The ICAC participates in a multidisciplinary and comprehensive study of the unique five marble elements used in the famous Portico of Glory, European medieval sculpture masterpiece made by Master Mateo between 1168 and 1188, and part of the Romanesque front of the Santiago de Compostela Cathedral, declared UNESCO World Heritage Site in 1985.
The composition consists in four columns and the head of one of the apostles –traditionally identified as Andre the Apostle– that stand out in a set made of granite but decorated with the noblest materials (lapis lazuli, vermilion, gold and silver, among others).
Contrary to what had been traditionally assumed, the study confirms two different types of marble used in the elaboration of these elements:
- Marble of the Anticlinal de Estremoz (Alentejo, in the southern part of Portugal), for the three twisted columns, integrated into the pillars and mullion of the central arch.
- Local marble, for the fourth column and the head of the apostle, located in visually less central points.
By means of comparing these results with the written documentation on the construction of the cathedral, the study reveals a greater complexity in the use of marble at the north-western area of the Iberian Peninsula at this time, either by Roman spolia or the exploitation of the own resources.

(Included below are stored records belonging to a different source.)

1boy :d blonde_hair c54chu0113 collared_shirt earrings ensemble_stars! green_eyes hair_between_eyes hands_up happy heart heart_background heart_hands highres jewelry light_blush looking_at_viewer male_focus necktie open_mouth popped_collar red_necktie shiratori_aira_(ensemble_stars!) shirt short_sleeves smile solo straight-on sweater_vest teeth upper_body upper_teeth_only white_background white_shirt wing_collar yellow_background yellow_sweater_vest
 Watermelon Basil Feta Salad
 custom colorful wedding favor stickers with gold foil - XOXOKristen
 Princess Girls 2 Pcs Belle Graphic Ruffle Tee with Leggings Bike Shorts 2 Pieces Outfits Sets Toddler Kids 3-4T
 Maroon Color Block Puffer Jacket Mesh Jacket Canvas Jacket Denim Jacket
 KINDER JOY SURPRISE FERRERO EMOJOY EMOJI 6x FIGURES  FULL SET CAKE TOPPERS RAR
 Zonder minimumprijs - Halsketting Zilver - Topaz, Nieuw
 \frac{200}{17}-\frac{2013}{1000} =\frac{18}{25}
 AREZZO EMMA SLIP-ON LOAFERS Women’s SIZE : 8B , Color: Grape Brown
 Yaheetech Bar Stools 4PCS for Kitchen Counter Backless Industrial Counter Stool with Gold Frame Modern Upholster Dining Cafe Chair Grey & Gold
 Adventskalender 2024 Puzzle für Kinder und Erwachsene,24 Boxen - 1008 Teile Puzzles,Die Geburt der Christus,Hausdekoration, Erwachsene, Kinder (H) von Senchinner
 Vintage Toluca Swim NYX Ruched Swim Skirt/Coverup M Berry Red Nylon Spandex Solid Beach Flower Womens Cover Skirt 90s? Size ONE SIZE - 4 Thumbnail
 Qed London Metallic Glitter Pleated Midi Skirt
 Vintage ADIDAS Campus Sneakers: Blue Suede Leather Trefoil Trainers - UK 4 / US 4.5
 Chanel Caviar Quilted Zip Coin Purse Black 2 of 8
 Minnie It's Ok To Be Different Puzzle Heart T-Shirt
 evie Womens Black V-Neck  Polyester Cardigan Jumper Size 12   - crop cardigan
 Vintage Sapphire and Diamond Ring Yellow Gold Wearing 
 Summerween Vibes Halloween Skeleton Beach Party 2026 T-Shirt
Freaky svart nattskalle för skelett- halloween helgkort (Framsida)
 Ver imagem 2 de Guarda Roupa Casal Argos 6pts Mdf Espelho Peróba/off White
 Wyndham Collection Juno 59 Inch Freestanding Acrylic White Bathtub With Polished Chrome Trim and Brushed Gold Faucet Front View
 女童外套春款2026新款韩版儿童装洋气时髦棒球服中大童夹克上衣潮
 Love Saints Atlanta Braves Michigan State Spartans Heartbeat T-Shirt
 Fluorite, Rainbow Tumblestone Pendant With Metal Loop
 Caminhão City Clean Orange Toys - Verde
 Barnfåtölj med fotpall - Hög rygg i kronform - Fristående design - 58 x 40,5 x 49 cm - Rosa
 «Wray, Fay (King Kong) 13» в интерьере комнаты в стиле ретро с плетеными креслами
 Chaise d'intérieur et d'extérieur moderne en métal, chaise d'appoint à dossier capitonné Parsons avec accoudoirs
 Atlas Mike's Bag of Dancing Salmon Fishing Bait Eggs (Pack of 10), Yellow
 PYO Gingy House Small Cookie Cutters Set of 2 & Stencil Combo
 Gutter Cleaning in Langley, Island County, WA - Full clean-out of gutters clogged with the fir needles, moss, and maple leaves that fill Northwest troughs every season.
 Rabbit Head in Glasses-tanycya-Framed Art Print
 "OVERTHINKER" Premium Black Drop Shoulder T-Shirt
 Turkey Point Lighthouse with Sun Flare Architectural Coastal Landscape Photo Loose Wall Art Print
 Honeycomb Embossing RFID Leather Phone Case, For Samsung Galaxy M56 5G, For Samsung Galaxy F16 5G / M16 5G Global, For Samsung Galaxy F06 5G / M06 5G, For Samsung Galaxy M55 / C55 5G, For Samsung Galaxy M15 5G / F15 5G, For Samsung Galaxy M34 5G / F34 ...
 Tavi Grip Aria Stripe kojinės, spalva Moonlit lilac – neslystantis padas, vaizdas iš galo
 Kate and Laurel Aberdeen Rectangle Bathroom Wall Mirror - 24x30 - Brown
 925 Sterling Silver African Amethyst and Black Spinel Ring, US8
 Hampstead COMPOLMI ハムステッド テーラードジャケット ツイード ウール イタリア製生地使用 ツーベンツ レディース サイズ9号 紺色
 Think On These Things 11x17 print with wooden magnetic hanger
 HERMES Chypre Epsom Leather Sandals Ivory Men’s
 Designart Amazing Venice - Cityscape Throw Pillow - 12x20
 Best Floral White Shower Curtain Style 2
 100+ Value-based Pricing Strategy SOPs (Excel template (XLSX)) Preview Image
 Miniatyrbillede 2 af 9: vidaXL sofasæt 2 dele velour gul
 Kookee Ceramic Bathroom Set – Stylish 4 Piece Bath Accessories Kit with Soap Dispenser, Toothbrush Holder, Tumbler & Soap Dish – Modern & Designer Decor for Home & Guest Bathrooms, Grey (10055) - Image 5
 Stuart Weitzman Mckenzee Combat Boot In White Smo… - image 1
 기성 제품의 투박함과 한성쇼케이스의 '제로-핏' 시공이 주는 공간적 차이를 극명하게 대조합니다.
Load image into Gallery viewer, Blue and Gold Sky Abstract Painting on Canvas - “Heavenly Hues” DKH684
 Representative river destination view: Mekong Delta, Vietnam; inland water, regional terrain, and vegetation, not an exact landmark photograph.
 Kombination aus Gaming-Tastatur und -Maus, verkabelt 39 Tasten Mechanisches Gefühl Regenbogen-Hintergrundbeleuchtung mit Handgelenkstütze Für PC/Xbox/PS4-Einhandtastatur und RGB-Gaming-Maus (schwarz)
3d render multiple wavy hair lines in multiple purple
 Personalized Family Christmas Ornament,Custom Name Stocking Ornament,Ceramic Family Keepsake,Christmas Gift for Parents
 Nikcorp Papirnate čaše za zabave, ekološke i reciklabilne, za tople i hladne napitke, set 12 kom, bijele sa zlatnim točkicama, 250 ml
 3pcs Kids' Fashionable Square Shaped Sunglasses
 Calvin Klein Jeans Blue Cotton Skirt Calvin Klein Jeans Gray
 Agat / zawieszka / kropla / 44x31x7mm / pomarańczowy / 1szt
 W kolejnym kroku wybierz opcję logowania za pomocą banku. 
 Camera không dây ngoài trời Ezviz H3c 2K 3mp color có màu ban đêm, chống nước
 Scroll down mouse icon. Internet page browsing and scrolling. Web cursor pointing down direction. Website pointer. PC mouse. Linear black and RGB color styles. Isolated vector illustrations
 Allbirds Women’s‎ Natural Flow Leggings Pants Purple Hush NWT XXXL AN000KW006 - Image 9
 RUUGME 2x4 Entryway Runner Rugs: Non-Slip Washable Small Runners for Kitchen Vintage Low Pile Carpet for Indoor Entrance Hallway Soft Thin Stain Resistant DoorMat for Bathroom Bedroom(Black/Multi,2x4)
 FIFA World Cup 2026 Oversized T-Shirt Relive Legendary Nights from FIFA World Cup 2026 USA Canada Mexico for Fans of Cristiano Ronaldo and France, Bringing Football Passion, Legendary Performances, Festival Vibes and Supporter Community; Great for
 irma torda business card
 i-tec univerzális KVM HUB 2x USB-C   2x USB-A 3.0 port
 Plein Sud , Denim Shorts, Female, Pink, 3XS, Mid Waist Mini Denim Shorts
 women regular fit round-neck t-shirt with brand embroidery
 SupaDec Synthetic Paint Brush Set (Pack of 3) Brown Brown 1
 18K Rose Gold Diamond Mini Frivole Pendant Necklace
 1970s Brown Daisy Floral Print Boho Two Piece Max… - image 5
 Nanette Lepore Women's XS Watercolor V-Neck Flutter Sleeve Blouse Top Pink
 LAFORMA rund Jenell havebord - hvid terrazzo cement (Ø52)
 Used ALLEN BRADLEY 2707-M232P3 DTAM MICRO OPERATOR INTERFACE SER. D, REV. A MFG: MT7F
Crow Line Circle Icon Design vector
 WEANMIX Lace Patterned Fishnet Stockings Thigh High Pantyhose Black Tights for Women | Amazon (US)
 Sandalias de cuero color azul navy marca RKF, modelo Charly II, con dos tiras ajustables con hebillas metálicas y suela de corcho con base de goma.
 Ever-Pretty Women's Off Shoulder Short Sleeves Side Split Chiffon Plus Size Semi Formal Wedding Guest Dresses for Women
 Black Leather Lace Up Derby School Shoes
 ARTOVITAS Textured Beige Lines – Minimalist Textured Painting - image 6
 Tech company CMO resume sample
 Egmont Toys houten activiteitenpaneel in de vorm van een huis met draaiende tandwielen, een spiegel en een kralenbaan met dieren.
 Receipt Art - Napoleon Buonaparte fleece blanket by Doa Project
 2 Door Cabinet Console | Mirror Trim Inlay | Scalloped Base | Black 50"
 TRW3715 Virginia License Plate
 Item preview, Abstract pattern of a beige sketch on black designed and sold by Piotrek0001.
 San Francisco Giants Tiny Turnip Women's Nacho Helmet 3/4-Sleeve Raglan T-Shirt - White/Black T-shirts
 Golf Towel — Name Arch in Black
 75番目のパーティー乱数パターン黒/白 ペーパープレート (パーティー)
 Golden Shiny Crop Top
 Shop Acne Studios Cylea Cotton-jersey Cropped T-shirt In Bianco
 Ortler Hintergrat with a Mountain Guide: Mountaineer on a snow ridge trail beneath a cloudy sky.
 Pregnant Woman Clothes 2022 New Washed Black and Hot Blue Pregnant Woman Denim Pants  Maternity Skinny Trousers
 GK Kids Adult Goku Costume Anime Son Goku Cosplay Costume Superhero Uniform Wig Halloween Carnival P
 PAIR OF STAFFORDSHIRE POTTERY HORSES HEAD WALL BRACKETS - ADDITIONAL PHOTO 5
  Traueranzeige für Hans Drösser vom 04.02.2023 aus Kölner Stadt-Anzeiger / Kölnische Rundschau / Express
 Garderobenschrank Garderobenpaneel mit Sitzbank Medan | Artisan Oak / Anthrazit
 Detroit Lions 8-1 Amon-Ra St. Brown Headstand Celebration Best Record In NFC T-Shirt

Materials analysis blended different techniques (polarized light optical microscopy, cathodoluminescence, X-ray diffraction, scanning electron microscopy and IRMS mass spectrometry).
Marbles’ origin identification came from the comparison with geological samples of the reference collections located at the ICAC’s Archaeometric Studies Unit, the LEMLA, Laboratory for the study of the slippery materials in antiquity (Autonomous University of Barcelona) and the Department of Earth Sciences (University of Zaragoza), besides the currently available reference databases.
The research team was led by Dr Pilar Lapuente Mercadal (University of Zaragoza, and fellow researcher at the ICAC, member of the research group ArPa), with the participation of Dr Anna Gutiérrez Garcia-M. (ICAC), and had researchers from Galicia, Madrid and Bordeaux (France) thanks to the collaboration with different international research centres:
- Institut de Recherche sur les ArchéoMATériaux (IRAMAT) – Centre de Recherche en Physique Appliquée à l’Archéologie (CRP2A), University of Bordeaux Montaigne – UMR 5060 CNRS (France).
- Gupo de Estudos de Arqueoloxía, Antigüedade e Territorio (GEAAT), University of Vigo (Spain).
- MIAS, Madrid Institute for Advanced Studies, Autonomous University of Madrid (Spain).
- Cultural Heritage Institute of Spain.
This initiative has been a meeting point for on-going projects Program Cathedral of Santiago, which works since 2006 in the restoration and preservation of this world heritage masterpiece, and Marmora Galicia project, which is part of different interdisciplinary research projects led by the ICAC. This is another example of the joint work and commitment, both public and private institutions, and academic ones, with the conservation and dissemination of historical and cultural heritage.
Program Cathedral of Santiago is funded by the Barrié Foundation and several national and international institutions: Cabildo de la Catedral & Arzobispado de Santiago, Andrew W. Mellon Foundation, Real Colegio Complutense in Harvard, Cultural Heritage Institute of Spain and Xunta de Galicia. The Project for the conservation and restoration of the Portal of Glory and its environment has received many different awards, including the European Heritage Award/ Europa Nostra Award 2019 in the Conservation Category.
The Marmora Galicia project is been carried out under different research projects lead by the ICAC (HAR2011-25011 y HAR2015-65319-P MICINN/FEDER) and participated by the Laboratoire Sciences Archéologiques de Bordeaux (nº ANR-10-LABX-52, projects Mamor et lapides Hispaniae… and “Graver dans le marbre”-ROMAE), with the double aim of creating a database of existing marble lithotypes in NW of Hispania and identifying the origin of the marble pieces documented in this territory.